GENEL KURUL KONUŞMASI
Konu: 2020 Yılı Merkezi Yönetim Bütçe Kanun Teklifi ile 2018 Yılı Merkezi Yönetim Kesin Hesap Kanunu Teklifinin 3'üncü Tur görüşmeleri münasebetiyle
Yasama Yılı:3
Birleşim:31
Tarih:12.12.2019

HDP GRUBU ADINA SERPİL KEMALBAY PEKGÖZEGÜ (İzmir) - Genel Kurulu ve halklarımızı saygıyla selamlıyorum.

Sayın vekiller, bu bütçe halkın sırtından zenginlerin cebini doldurma bütçesidir; niye böyle söylüyorum, açıklayacağım. Bugün Türkiye'ye despotik bir iktidar hükmediyor. Ancak 21'inci yüzyılda faşist yönetimlerin dünya ölçeğinde yükselişine de tanıklık ediyoruz; bu tesadüf değil. Sevgili Harvey bunu şöyle açıklıyor: "Neoliberalizm artık kitlelerin rızasını aramıyor, meşruiyetini kaybetti. Neoliberalizm devlet otoriterliğiyle bir ittifak içine girmeden hayatta kalamazdı, şimdi, neofaşizmle bir ittifak yolunda ilerliyor. Çünkü dünyadaki tüm protesto hareketlerinde gördüğümüz gibi, herkes artık neoliberalizmin halkın sırtından zenginlerin ceplerini doldurma düzeni olduğunu görüyor."

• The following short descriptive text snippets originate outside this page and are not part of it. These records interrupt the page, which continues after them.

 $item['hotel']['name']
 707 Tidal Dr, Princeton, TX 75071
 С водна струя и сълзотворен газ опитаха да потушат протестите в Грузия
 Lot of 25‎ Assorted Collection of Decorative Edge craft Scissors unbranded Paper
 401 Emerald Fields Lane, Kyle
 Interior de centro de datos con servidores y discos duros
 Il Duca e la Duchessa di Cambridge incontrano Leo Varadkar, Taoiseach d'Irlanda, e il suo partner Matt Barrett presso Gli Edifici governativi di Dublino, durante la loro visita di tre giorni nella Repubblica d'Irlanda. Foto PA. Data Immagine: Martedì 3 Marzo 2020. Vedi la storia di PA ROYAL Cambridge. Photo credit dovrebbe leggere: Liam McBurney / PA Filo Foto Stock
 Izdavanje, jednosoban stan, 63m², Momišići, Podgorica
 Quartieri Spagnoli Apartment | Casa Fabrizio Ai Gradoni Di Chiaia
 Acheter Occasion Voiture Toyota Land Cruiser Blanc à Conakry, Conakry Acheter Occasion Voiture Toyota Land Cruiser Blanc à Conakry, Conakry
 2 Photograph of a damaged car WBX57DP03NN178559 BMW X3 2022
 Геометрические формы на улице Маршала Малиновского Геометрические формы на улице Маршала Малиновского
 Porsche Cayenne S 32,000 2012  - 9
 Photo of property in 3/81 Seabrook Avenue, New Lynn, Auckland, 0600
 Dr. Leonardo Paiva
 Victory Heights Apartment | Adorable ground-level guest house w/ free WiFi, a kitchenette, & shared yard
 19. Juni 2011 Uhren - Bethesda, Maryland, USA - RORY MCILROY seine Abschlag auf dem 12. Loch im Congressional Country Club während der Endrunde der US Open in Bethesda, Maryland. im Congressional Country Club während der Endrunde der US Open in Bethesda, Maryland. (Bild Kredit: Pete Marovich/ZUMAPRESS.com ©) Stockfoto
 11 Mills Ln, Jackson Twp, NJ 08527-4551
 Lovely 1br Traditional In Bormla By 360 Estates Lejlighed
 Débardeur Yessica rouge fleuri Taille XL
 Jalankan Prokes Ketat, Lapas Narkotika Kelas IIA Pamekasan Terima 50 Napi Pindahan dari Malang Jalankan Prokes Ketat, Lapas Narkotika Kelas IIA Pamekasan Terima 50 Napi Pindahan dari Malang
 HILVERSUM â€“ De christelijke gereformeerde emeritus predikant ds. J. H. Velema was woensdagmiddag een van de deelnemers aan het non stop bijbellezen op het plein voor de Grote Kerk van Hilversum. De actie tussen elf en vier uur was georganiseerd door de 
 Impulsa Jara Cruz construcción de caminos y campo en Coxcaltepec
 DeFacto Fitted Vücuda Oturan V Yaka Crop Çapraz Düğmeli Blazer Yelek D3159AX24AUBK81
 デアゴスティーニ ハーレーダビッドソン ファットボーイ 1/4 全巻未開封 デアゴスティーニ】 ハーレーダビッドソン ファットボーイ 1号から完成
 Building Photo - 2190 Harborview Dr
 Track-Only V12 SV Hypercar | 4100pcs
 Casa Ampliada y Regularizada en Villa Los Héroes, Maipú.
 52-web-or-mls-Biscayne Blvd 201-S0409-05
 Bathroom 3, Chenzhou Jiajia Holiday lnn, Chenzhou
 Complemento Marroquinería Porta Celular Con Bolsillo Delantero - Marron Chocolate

Değerli arkadaşlar, bütçe hakkının gasbedildiği şu Parlamento tablosuna, Hükûmetin sömürüyü örtmek için sarıldığı terör diskuruna, izlenen savaş ve işgal politikalarına, "Ekonomik savaş var." söylemine, bu yıl şu ana kadar 1.600 işçinin iş cinayetinde yaşamını yitirmesine, gizli salgın olan meslek hastalıklarına, emeğin yok sayılıp bakım hizmeti yaptırılan ev kadınlarının durumuna, göz göre göre katledilen Ceren'lere, siyanürle intiharlara, diz boyu yolsuzluğa bir de bu gözle bakalım.

2020 bütçesinde 140 milyar savaşa ayrıldı, güvenlikçi politikalara ayrıldı. Bu, Türkiye'ye karşı saldırıların artmasından mıdır? Hayır. Ne demişti MİT Müsteşarı Hakan Fidan? "Üç beş füze atarız, savaşın gerekçesini yaratırız."

Değerli arkadaşlar, Türkiye bütçenin 195 milyarını teşvikler, ayrıcalıklar için sermayeye hibe ediyor. EYT'lilere ise hakları olmayan bir şeyi istiyorlarmış gibi muamele ediliyor. 26 milyar, emekçiye çok görülürken milyarlar, yüz milyarlar sermayeye peşkeş çekiliyor. Aslında, bu, para olmadığı için, bütçe olmadığı için değil, sermayeden yana tercih yapıldığı içindir. Şimdi bu, savaş, faiz ve sermaye bütçesini halka yedirmeye çalışıyorsunuz. Türkiye'de bir vahşi kapitalizm var. Ne demişti sokaktaki röportaj veren yurttaşımız? "Türkiye'de hard kapitalizm var." Şili'den Lübnan'a dünya halklarının ayakta olmasının sebebi, hard kapitalizmden kaynaklıdır, siyasi iktidarın halkın sırtından zenginlerin cebini doldurma çabasından kaynaklıdır.

Değerli arkadaşlar, bu bize sunulan bir bütçe değil, bu bir soygundur. Siyasal İslam soslu, türbanlı, abdestli bir soygun!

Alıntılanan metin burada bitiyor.